The Point of Law on Appeal

The primary legal question on appeal was whether the termination of Mr. Lo's employment by payment in lieu of notice constituted a termination without notice. The Tribunal found as a matter of fact that Mr. Lo's employment was terminated for conduct related issues. However, Hannover made payment in lieu of the 6 months' notice period. As Mr. Lo did not work his notice period, pursuant to Clause 4(1)(ii) of the scheme conditions, he was not entitled to the share awards even though he was not summarily dismissed. Mr. Lo appealed this decision, arguing that a termination by way of a payment in lieu of notice should not be considered termination without notice. 

Court's Analysis

The court's analysis focused on the interpretation of sections 6, 7, and 9 of the Employment Ordinance, which distinguish between termination of contracts of employment by notice, by payment in lieu of notice, and summary dismissal without notice.

The court referred to English case law for guidance, particularly the judgments in Gothard v Mirror Group Newspapers Ltd and Delaney v Staples. These cases shed light on the nature of a payment in lieu of notice, emphasising that such payments are considered damages for breach of contract rather than wages for work done. The court highlighted that when an employer terminates an employment contract by making a payment in lieu of notice, the employment relationship ends immediately, and the payment is treated as compensation for the employer's failure to provide the requisite notice period. 

In Gothard v Mirror Group Newspapers Ltd, Lord Donaldson stated that if an employee is dismissed without notice but with money in lieu, the payment is regarded as damages for breach of contract, and the employee is not employed during the notice period. Similarly, in Delaney v Staples, Lord Browne-Wilkinson explained that a payment in lieu of notice is not considered wages, as it is not remuneration for work done under the contract of employment. Instead, it is a payment to extinguish any claim for damages for wrongful dismissal. 

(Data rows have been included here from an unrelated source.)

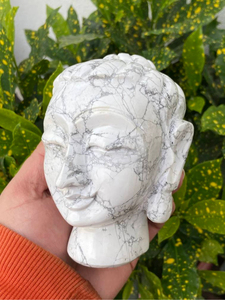 Cabeza de Buda Tallada a Mano en Howlite Natural, Escultura de Cristal para Decoración del Hogar, Estatua de Meditación, Proveedor Mayorista OEM ODM - Product Image 3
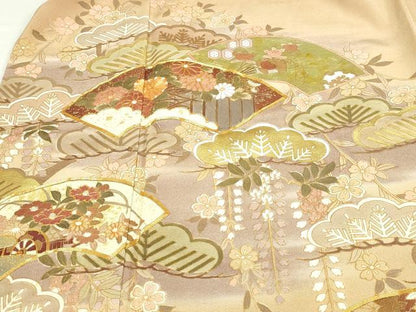 平和屋着物■豪華色留袖　駒刺繍　地紙草花文　松竹梅　暈し染め　金彩　正絹　逸品　DABD3381sf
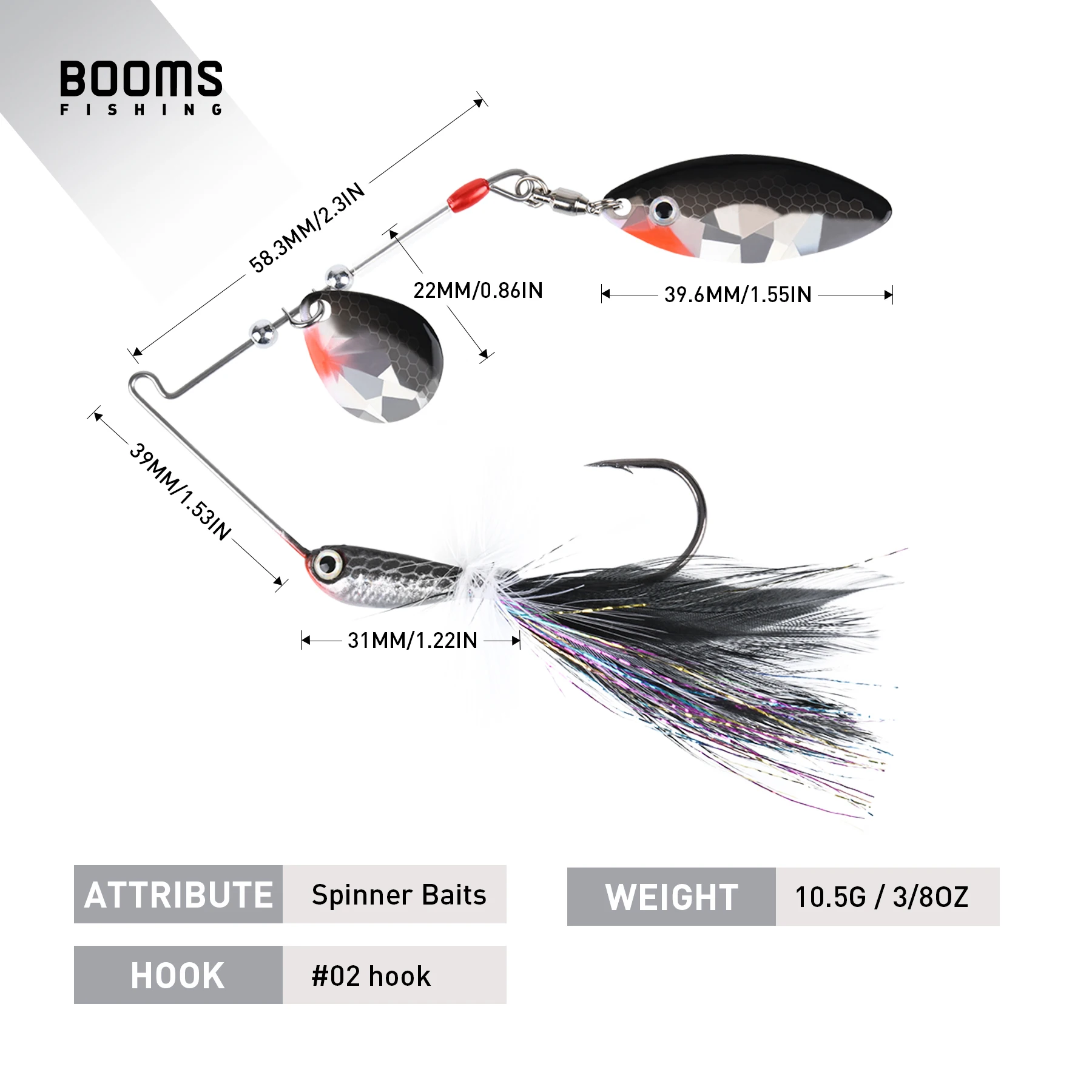 Booms เหยื่อปลอม SP1ตกปลา10G, เหยื่อปลอมตะขอเสียงแหลมแบบแข็งโลหะขนาดเล็ก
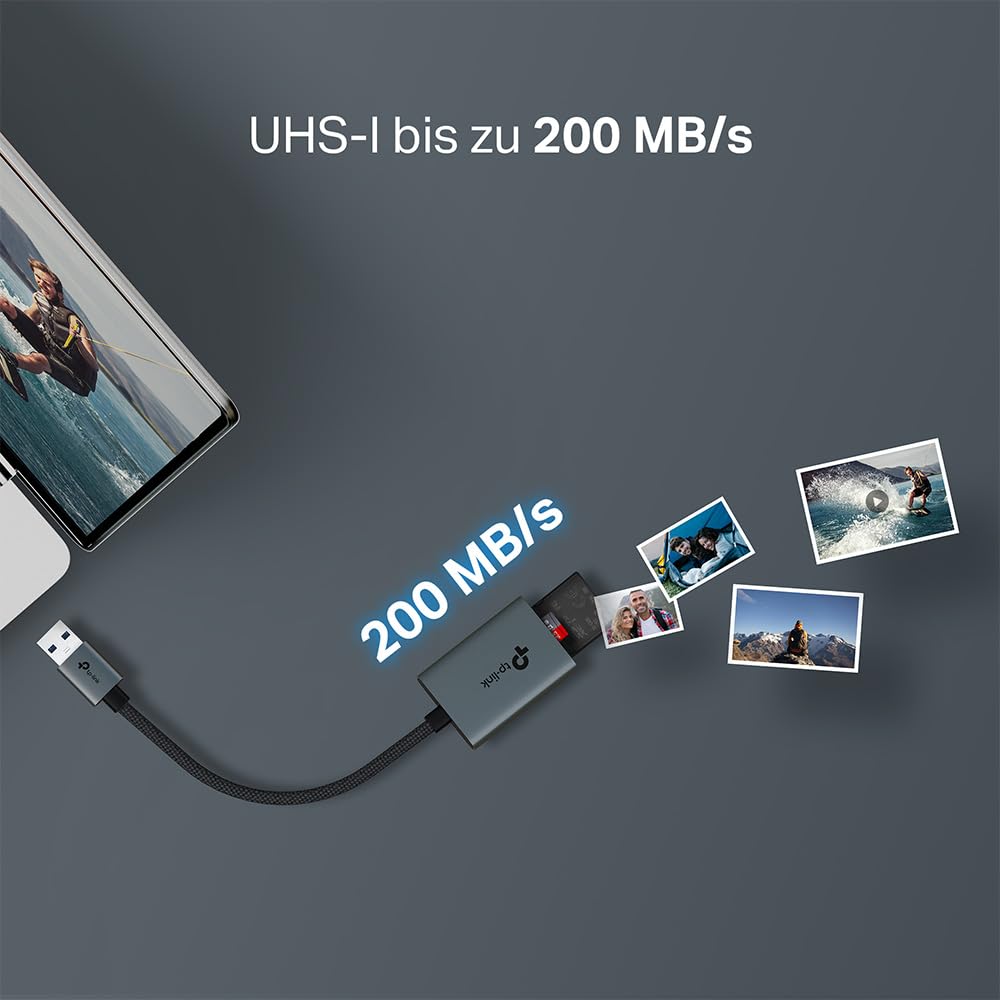 TP-Link UA430C SD Kartenleser USB C, kartenlesegerät auf SD und microSD bis zu 2 TB, USB 3.0, Gleichzeitiges Lesen und Schreiben von Zwei Karten, mit Mac, Windows, iPadOS, iOS, Android 5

Applying the above principles, the court concluded that a termination by a payment in lieu of notice is equivalent to a termination without notice. The court reasoned that if the termination by payment in lieu was considered termination with proper notice, there would be no breach of contract and no need for damages. However, the very nature of a payment in lieu of notice indicates that it is a substitute for notice, effectively dispensing with the notice requirement. Under Hong Kong law, section 7 of the Employment Ordinance enshrines the statutory right for employers and employees to terminate contracts by making a payment in lieu of notice. In contrast, there is no equivalent statutory right under UK legislation. Consequently, in the UK the practice of making a payment in lieu of notice is recognised as a common law right. 

Implications of the Decision

The court's decision has significant implications for employers and employees regarding the interpretation of termination clauses in employment contracts. By affirming that a termination of an employment contract through making a payment in lieu of notice constitutes termination without notice, the court clarified that such terminations could trigger clauses that disentitle employees from certain benefits, such as share awards, if the termination is due to the employee's conduct or fault. 

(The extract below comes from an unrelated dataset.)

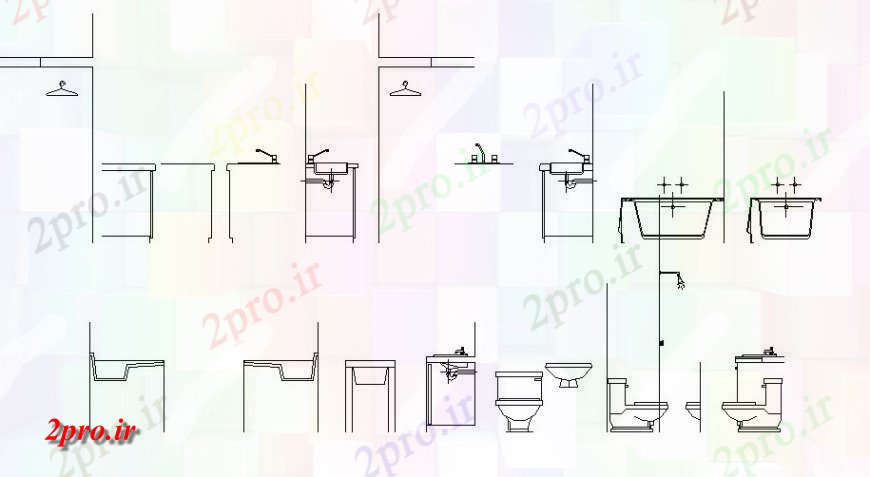 دانلود نقشه بلوک های بهداشتی پویا بلوک های متعدد بهداشتی  نما طراحی جزئیات (کد126598)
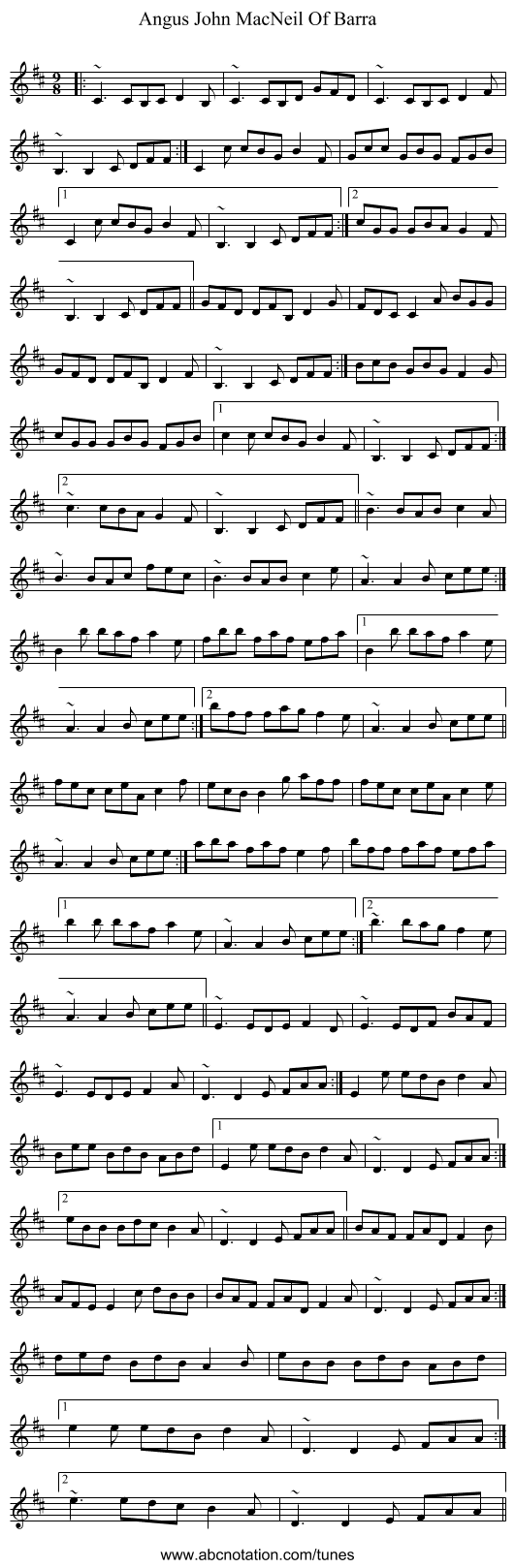 Angus John MacNeil Of Barra - staff notation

For employers, this decision underscores the importance of carefully drafting employment contracts and understanding the legal consequences of different modes of termination. Employers need to be aware that opting for a payment in lieu of notice may have implications on the employee's entitlements under various schemes and benefits.

For employees, the decision highlights the need to be vigilant about the terms of their employment contracts and the potential impact of a termination of employment by way of a payment in lieu of notice on their rights and benefits. Employees should seek legal advice if they face termination under such circumstances to ensure their entitlements are protected.

The content of this article is intended to provide a general guide to the subject matter. Specialist advice should be sought about your specific circumstances.